- [Work item] Your copy should hold only the lines from the one with "Used 2024 Black" to the one with "ハローキティ ご当地アクリルキーホルダー 12個セット", both included, each exactly as it stands below, with no pictures.

Top of Record set

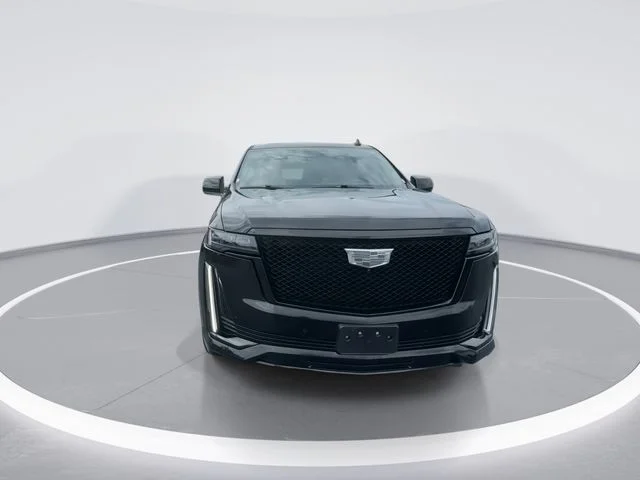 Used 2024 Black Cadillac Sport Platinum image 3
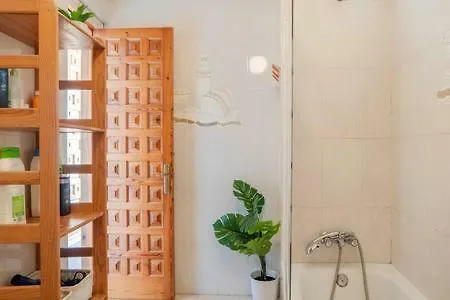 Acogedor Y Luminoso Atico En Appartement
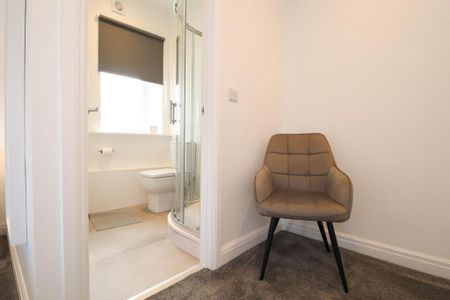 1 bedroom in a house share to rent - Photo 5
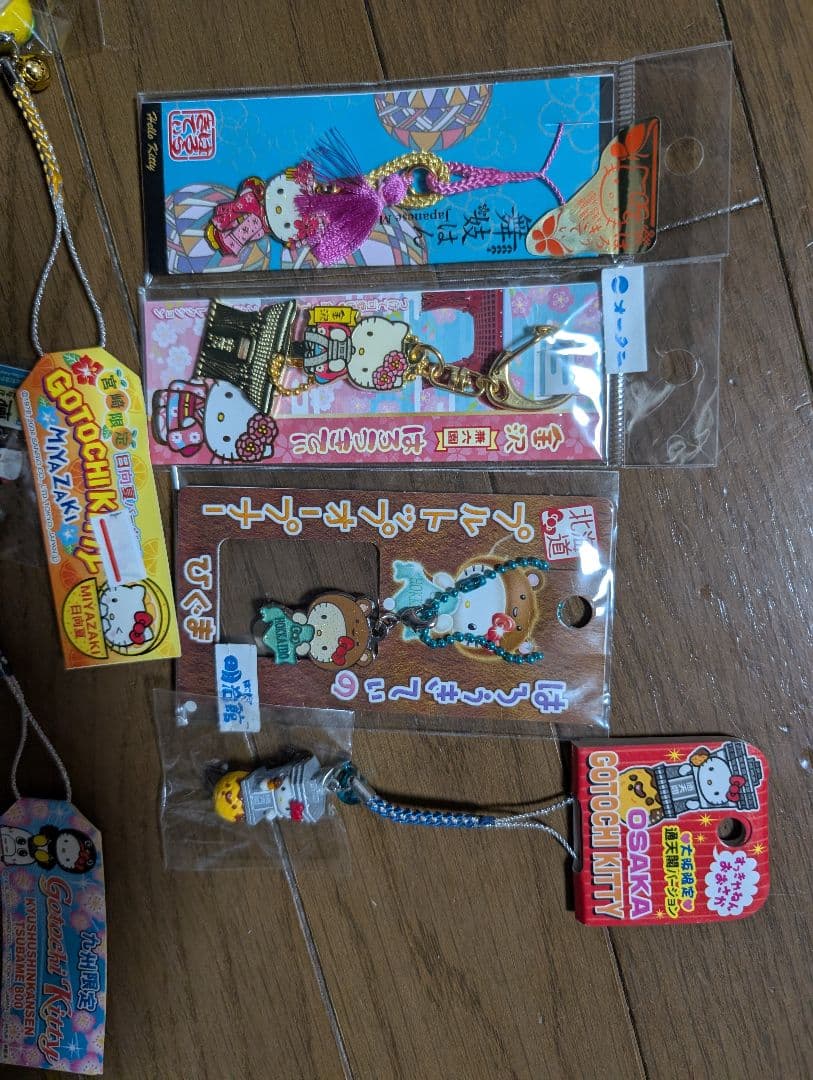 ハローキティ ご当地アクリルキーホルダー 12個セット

Bottom of Record set
Top of Record set

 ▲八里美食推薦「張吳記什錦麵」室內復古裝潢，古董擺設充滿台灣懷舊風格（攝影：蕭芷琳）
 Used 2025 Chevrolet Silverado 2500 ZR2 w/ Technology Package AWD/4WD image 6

Bottom of Record set

- [Answer section]
 Used 2024 Black Cadillac Sport Platinum image 3
 Acogedor Y Luminoso Atico En Appartement
 1 bedroom in a house share to rent - Photo 5
 ハローキティ ご当地アクリルキーホルダー 12個セット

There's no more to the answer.